Available data =>
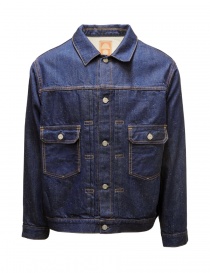 Cottle giacca in denim indaco lavato JK-014 COTTLE Cottle giacca in denim indaco lavato JK-014 COTTLE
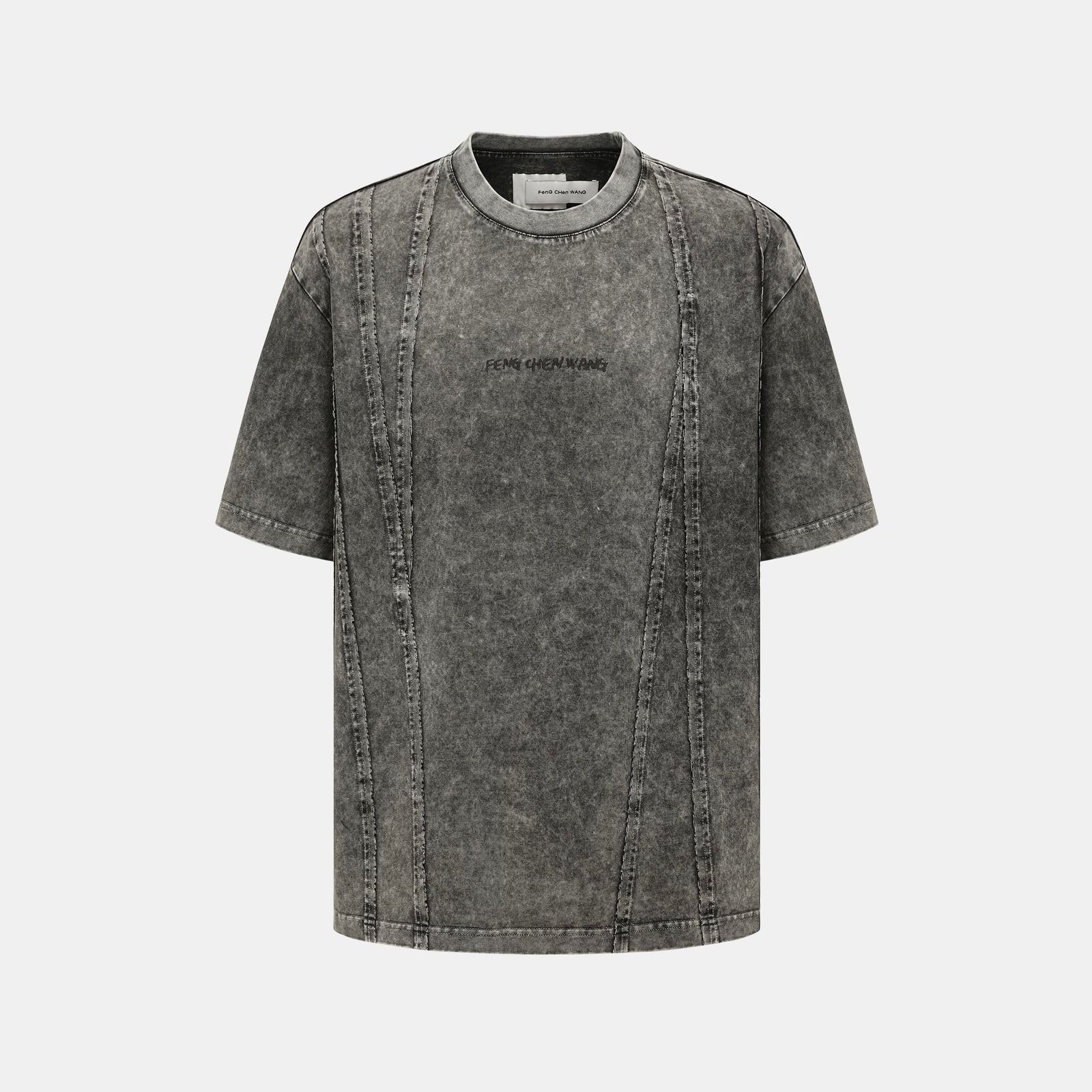 Feng Chen Wang - 【残り一点】Tie Dye Panelled T-Shirt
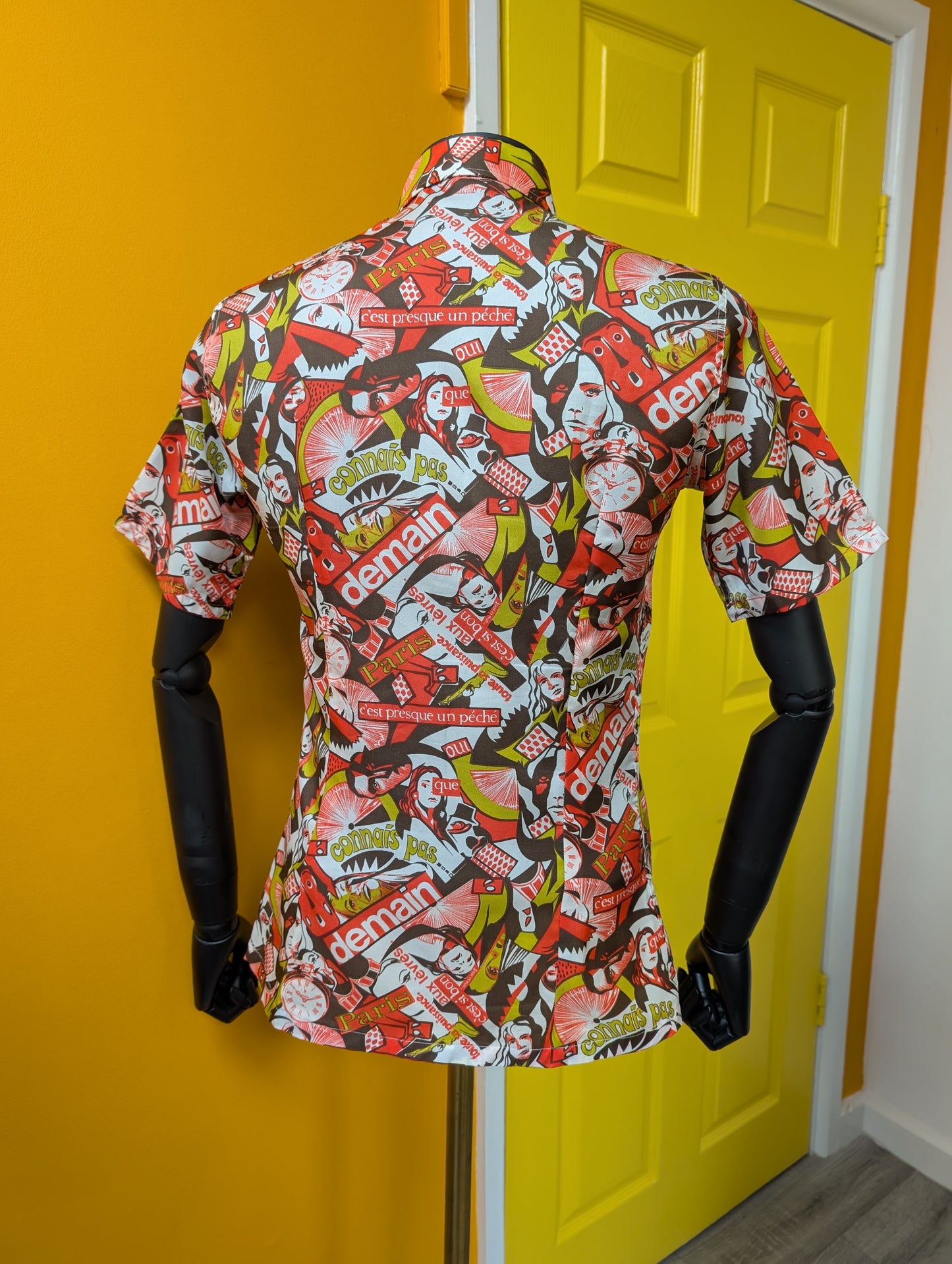 1970s Magit novelty print shirt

The problem =>
Copy out the material above in full and exactly, but with no pictures.

Result of this task =>
 Cottle giacca in denim indaco lavato JK-014 COTTLE Cottle giacca in denim indaco lavato JK-014 COTTLE
 Feng Chen Wang - 【残り一点】Tie Dye Panelled T-Shirt
 1970s Magit novelty print shirt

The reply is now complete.